_WHAT TO PRODUCE_:
Pictures are to be left out, and only the lines below starting at the one with "Item preview, Why" and ending at the one with "thumbnail image 3" are to be reproduced, each exactly, both ends included.

_Short text fragments from websites_:
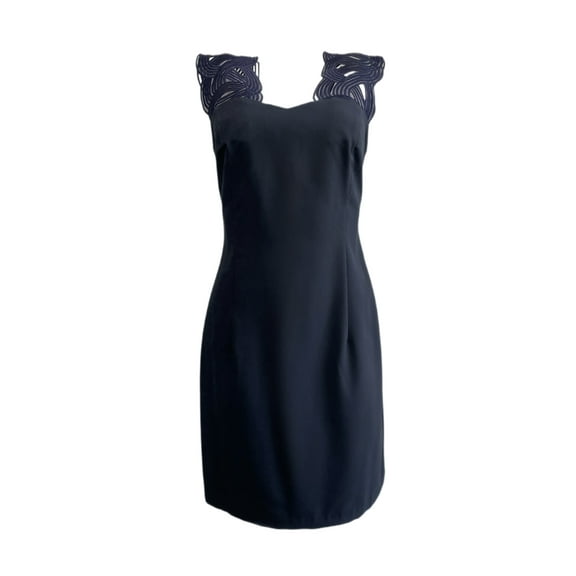 ANNE LEMAN Women's Navy Intertwined Strap Narcissa Dress SP91DR8 Size 4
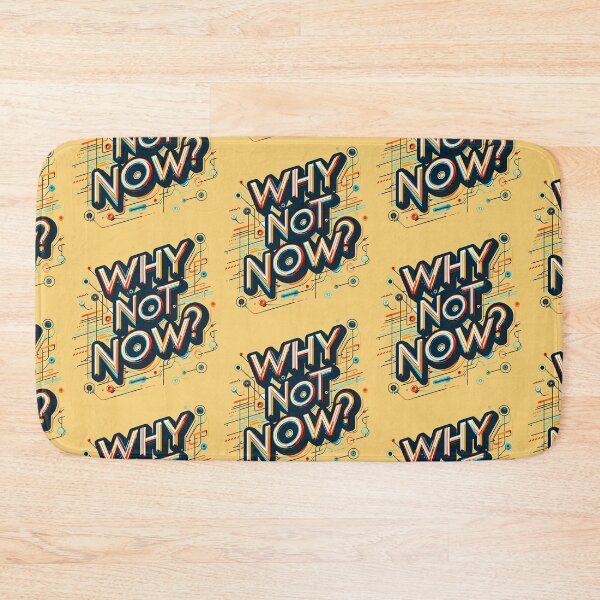 Item preview, Why not now, typography designed and sold by maxmaj.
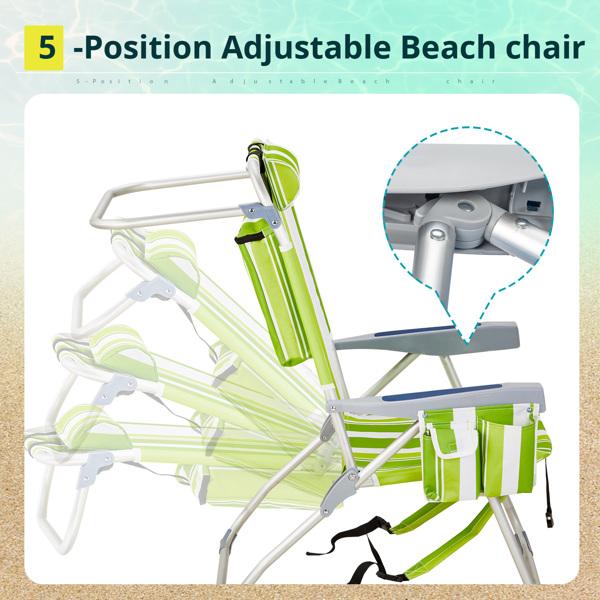 Oversized Tall Folding Beach Chair Lightweight 63*70*99cm Portable Sand For Adults Heavy Duty 300 Lbs With Cup Holders Foldable High Camping Lawn Chairs Camp Outdoor Picnic Sports Loveseat Carrying Bag Table Holder Patio Fashion Fabric Oxford Fabric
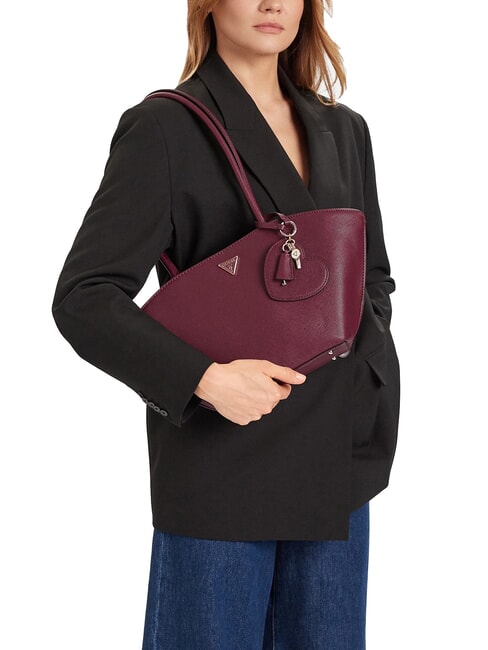 BOLENA Shoulder bag with heart charm wine - Women&rsquo;s Bags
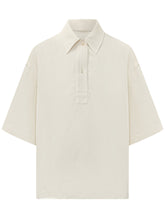 STUDIO NICHOLSON - Short Sleeve Shirt with Half Placket - White - LIDIASHOPPING® - Official Website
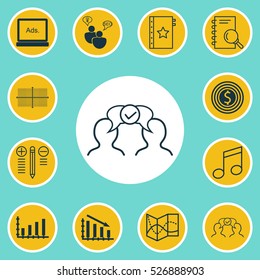 Set Of 12 Universal Editable Icons. Can Be Used For Web, Mobile And App Design. Includes Elements Such As Warranty, Business Goal, Dynamics And More.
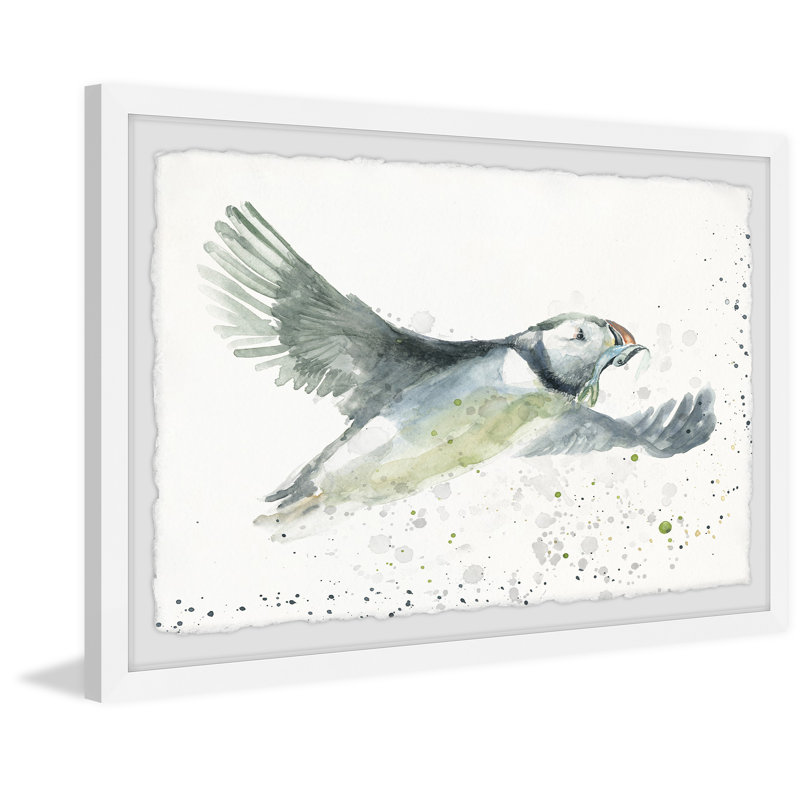 Kingfisher by Parvez Taj - Single Picture Frame Painting, 61cm H x 91cm W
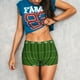 thumbnail image 3 of Fotbe American Football Field Shorts Sin Costuras – Shorts Deportivos de Cintura Alta para Mujer, Elásticos para Gimnasio, Yoga, Running o Ciclismo-Large, 3 of 8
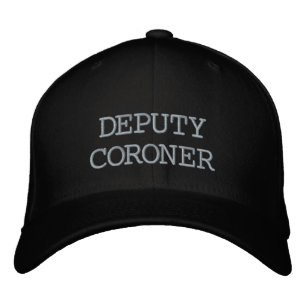 Bordada Gorra negro de forense adjunto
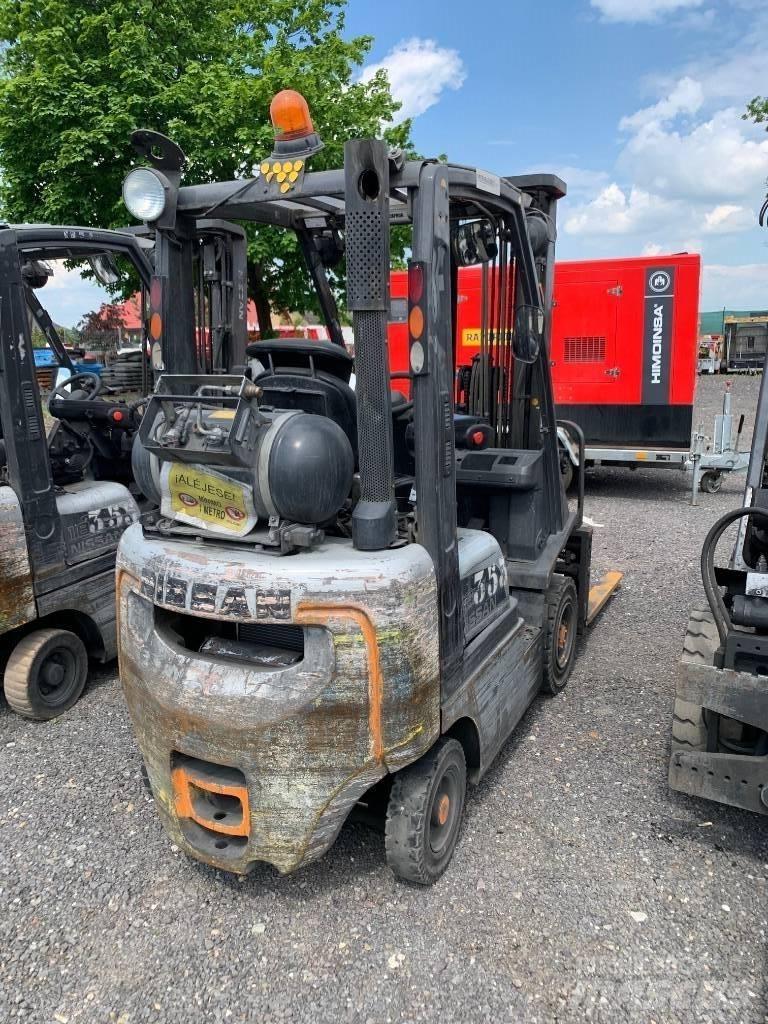 Nissan P1D1A18LQ LPG gaffeltrucks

_EXPECTED OUTPUT_:
 Item preview, Why not now, typography designed and sold by maxmaj.
 Oversized Tall Folding Beach Chair Lightweight 63*70*99cm Portable Sand For Adults Heavy Duty 300 Lbs With Cup Holders Foldable High Camping Lawn Chairs Camp Outdoor Picnic Sports Loveseat Carrying Bag Table Holder Patio Fashion Fabric Oxford Fabric
 BOLENA Shoulder bag with heart charm wine - Women&rsquo;s Bags
 STUDIO NICHOLSON - Short Sleeve Shirt with Half Placket - White - LIDIASHOPPING® - Official Website
 Set Of 12 Universal Editable Icons. Can Be Used For Web, Mobile And App Design. Includes Elements Such As Warranty, Business Goal, Dynamics And More.
 Kingfisher by Parvez Taj - Single Picture Frame Painting, 61cm H x 91cm W
 thumbnail image 3 of Fotbe American Football Field Shorts Sin Costuras – Shorts Deportivos de Cintura Alta para Mujer, Elásticos para Gimnasio, Yoga, Running o Ciclismo-Large, 3 of 8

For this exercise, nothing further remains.